お笑いで言うところの爆発が、わからないよ〜

今週のお題「爆発」

お笑い賞レースでよく「爆発が足りなかった」というコメントを見聞きする。決勝戦の審査員のコメントの場合もあるし、予選を生で見た観客のレポツイであったりもする。

この「爆発」がいまいちピンとこない。

2019年M-1決勝のミルクボーイ1本目とか、タロウ5のオープニングコントとか、確かに今まさに「爆発」しているかもしれないな……と感じることはあるのだが、賞レースにおける「爆発」の基準と、「爆発」が求められる理由がまだよくわからない。

普段見ているコントや見たいコントって、ぼーっと眺めているうちにその世界に没入していって、気付いたら口角が上がったまま下がらなくなっているようなものが多い。腹筋がちぎれそうになる笑いや電車内でも堪えきれずに声が漏れてしまう笑いもその延長線上にあって、いつどのセリフで笑いが爆発したのかを意識することはない。

でもこれ、生で、大勢の観客に囲まれて、2時間も3時間も見続けたら違うんだろうなあ……と思う。

2020年以降のお笑い赤ちゃんなので、コントを見るのはもっぱら配信だ。コントを見ることがあまりにも日常で、誰かに隠れてこっそり見るものという無意識から逃げられない。今年に入ってからはたまに劇場に足を運ぶようになったものの、相変わらず隣の席は空いているし閉演後に誰かと語り合うわけでもない。しかしそれでも、客席全体が揺れるような感覚を味わうたびに、家でひとりで見るコントとは全く違う感動がある。

劇場でコントを見ていると、客席の笑い声に「あ、ここが笑いどころなんだ」と気付かされることがしばしばある。面白くなかったわけではなくて、ひとりで見ているときには気付かない笑いどころというのがある。そういうのが導火線になって爆発が起こるのかもしれない。

お笑い赤ちゃんなので、お笑いのリテラシーみたいなものが全くない。純粋に面白いと思うもののほかに、経験的な面白さがある。昔見たバラエティーやドラマのワンシーンとか、みんなが共通して持っているモノマネのイメージとか、いわゆる「お決まり」とか、そういうものだ。確かにずっと日本で暮らしてはいたけど、お笑い、特に賞レースを見るときに十分楽しめるほどにテレビを見てこなかったのだと自分で思う。それを人並みに人と同じところで笑えるようになるまでお笑い好きと言ってはいけないような気もする。
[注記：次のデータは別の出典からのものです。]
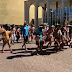 Indígenas e policiais entram em confronto em frente à Câmara dos Deputados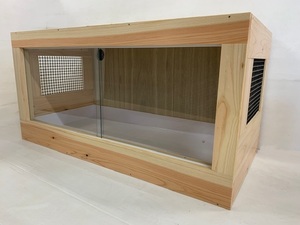  wooden cage 900×450×450likgame, reptiles, small animals for unused natural color 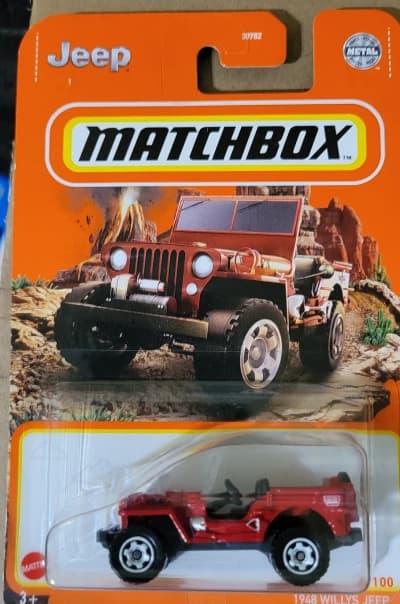 1948 Willys Jeep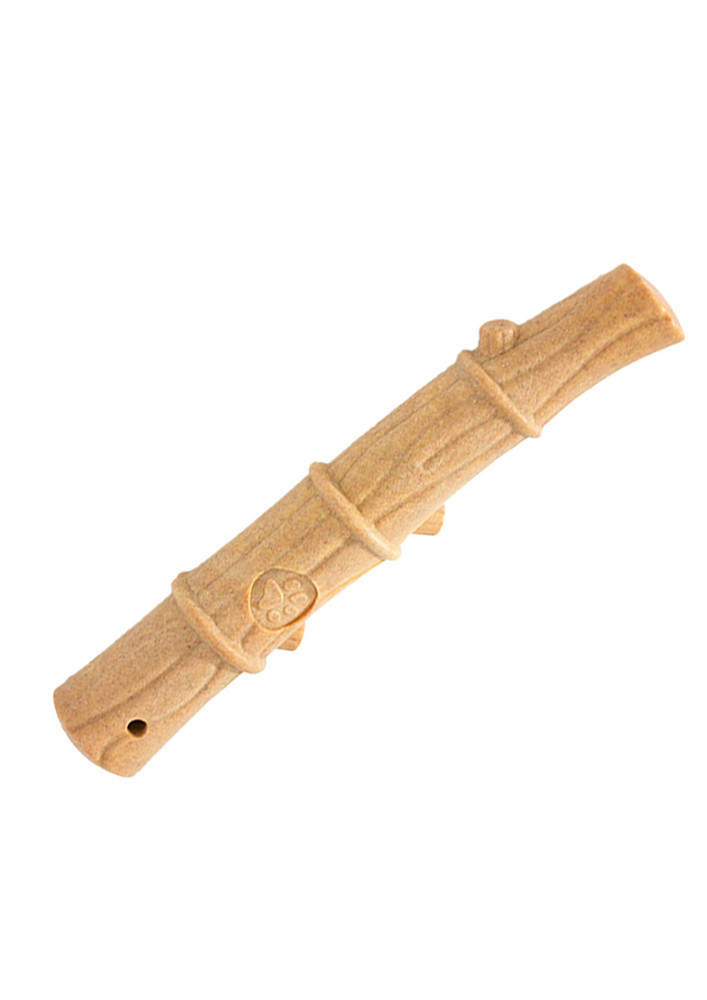 LARGE BAMBOO-SHAPED CHEW TOY FOR DOGS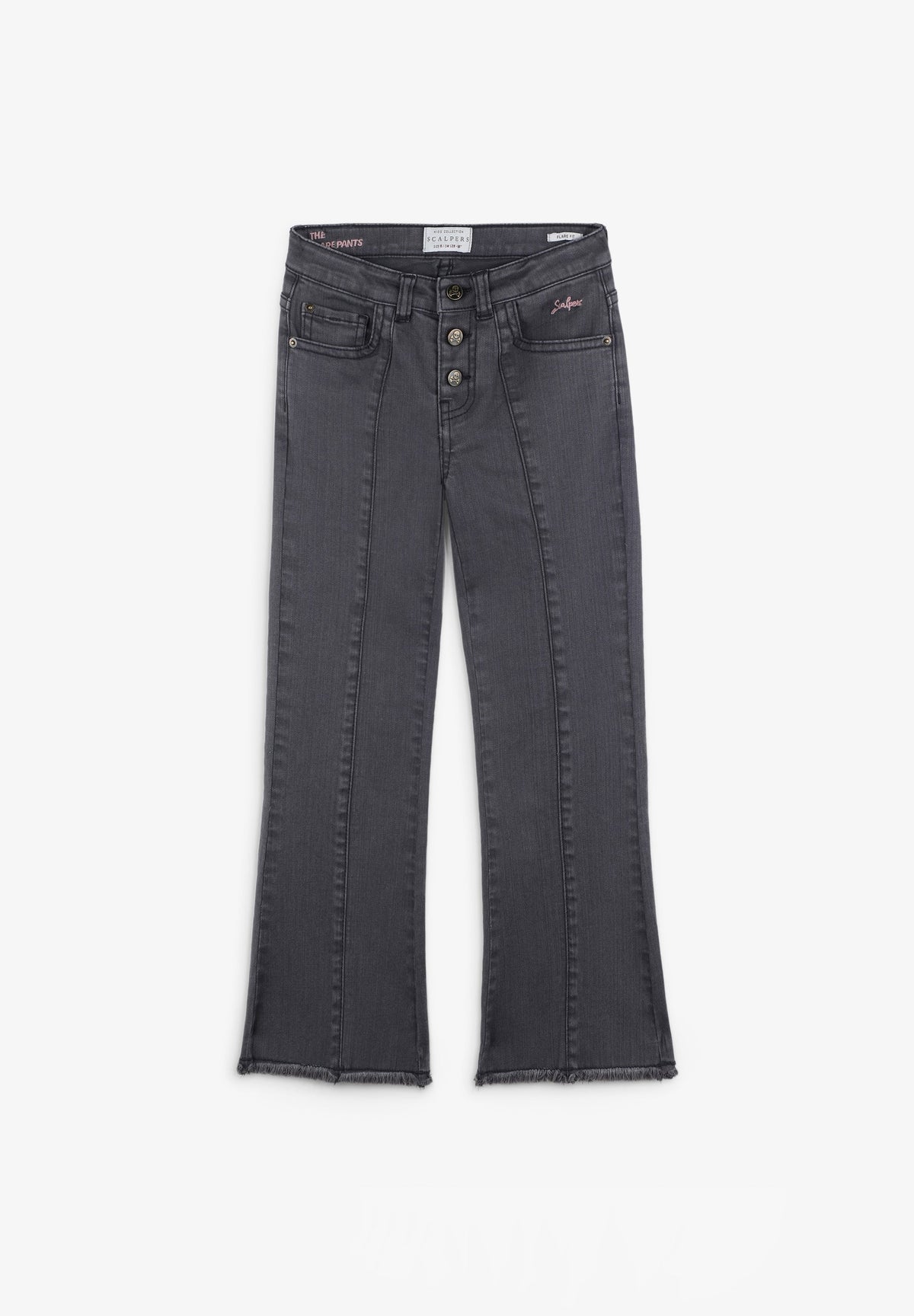 PANTALÓN FLARE COSTURAS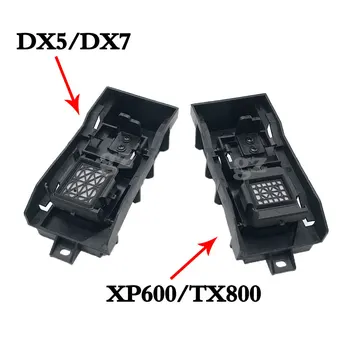 Верхняя крышка в сборе для Epson TX800 XP600 DX5 DX7 блок очистки печатающей головки компонент станции укупорки китайского широкоформатного принтера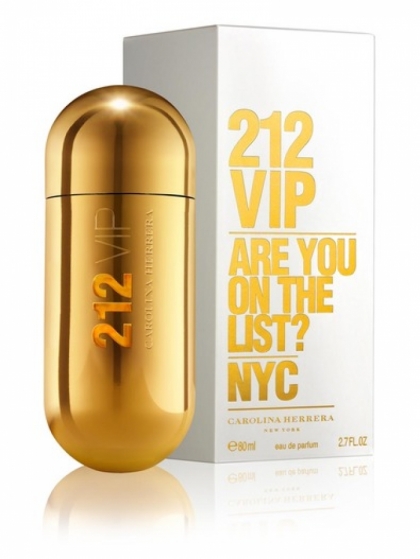 Carolina Herrera 212 VIP Eau de Parfum 80 ml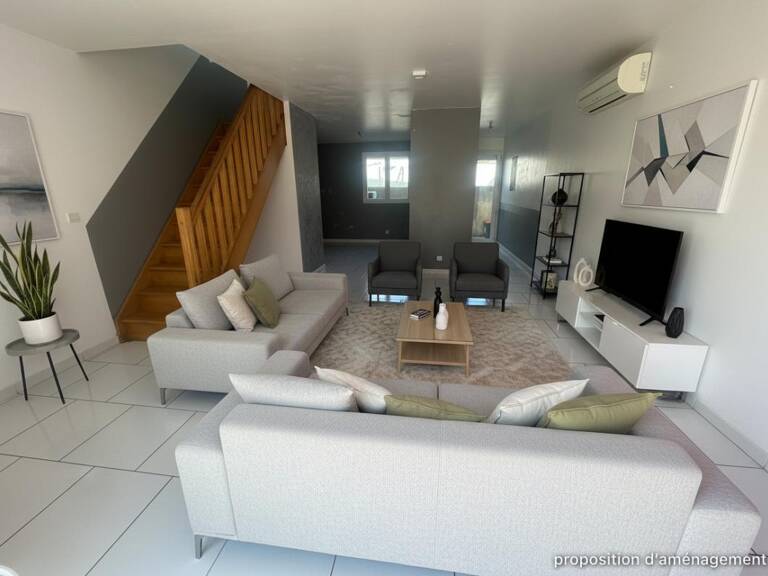 Maison T3 terrasse et stationnement — photo 1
純粋に面白いものを見て笑うとき、周りに他人はいなくて、ただコントの動画と私だけが部屋にいる。劇場でユニットコントや事務所ライブを見るとき、テレビで賞レースを見るときは、周りにもっとお笑いリテラシーの高い観客と実在の芸人、審査員がいる。絶対的な面白さを評価するために「爆発」が必要なのだとすれば、早く「爆発」がわかるくらいのお笑いリテラシーが欲しいなあ。と、考えながら今日もテレビとラジオに浸かるのであった。